Continuous vs Categorical
Hi All,
I have small question regarding the type of variables.I have continuous variable called tempereature which is have only 2 values {90,220}in my entire data set.
I am little confused over taking this featues as categorical since it has only 2 values in my data set all the time or take it as continuous value ?
Is there any infulence of choosing the one of them to the model performance?
Thanks in advance.
Regards,
Vishnu
Best Answer
-
sgenzer Administrator, Moderator, Employee-RapidMiner, RapidMiner Certified Analyst, Community Manager, Member, University Professor, PM Moderator Posts: 2,959 Community Manager
hmm ok.
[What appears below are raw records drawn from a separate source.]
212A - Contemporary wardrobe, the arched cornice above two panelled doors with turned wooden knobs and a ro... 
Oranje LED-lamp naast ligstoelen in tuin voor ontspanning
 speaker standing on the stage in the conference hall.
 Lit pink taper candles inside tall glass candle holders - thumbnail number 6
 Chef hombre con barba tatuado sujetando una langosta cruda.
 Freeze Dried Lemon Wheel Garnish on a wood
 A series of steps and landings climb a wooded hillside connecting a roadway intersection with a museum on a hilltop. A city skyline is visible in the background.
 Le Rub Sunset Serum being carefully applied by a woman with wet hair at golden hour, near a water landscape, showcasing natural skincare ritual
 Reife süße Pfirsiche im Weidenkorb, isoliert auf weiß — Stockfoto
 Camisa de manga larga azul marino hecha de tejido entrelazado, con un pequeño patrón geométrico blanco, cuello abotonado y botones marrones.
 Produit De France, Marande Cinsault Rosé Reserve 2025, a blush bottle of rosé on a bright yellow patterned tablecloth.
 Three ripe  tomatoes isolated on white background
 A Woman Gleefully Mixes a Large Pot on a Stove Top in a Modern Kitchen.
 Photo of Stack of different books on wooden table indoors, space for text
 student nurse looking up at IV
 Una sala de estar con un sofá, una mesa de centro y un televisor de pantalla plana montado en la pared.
Basically it depends on whether or not you care whether or not 90 is less than 220. If you look at it as a binary classification problem, RapidMiner will just treat them as "apple" and "orange". If you wish to use the idea that 220 is greater than 90 for some reason, you should keep it numerical.
That's all I can really say off the cuff unless I know more about your use case.
Scott1
Answers
hello @k_vishnu772 - so that really, really depends on your use case. I could make arguments one way or the other, depending on what you want to do.
Some quick requests so we can help you:
• Post your XML process here in this thread (see this post for instructions on How to Post on the Community)
• Attach your dataset if possible (use a fictionalized version if there are privacy concerns)
• Make sure you have all necessary extensions installed (see https://youtu.be/pjBqG3xtXx4)
Scott
@sgenzer
Hi Sir Thanks for your reply .I Cannot disclose the data as i have not right to do that .So just want to understand how you can say it depends on use case ,could you please explain me any use case that you have so that i can relate to my problem.
Thanks in advance.
Regards,
Vishnu
You also need to think about other potential values in the data if you are going to apply the model to future samples. If you treat the attribute as nominal in your development data, then in the future if you have any values that are not exactly 90 or 220, your model may not be able to handle them. So I would recommend either keeping the temperature as a numerical, or at least binning it using one of the Discretize operators (e.g., you could make temperature <100 vs >=100), because in that way, you will be able to handle future numerical values that were not present in your development sample.
Lindon Ventures
Data Science Consulting from Certified RapidMiner Experts
Hi all,
good observation about bining!
If you keep the variable numerical, then 220 is not only bigger than 90, it is more than double! This could mess with some (linear) model types.
Regards,
Sebastian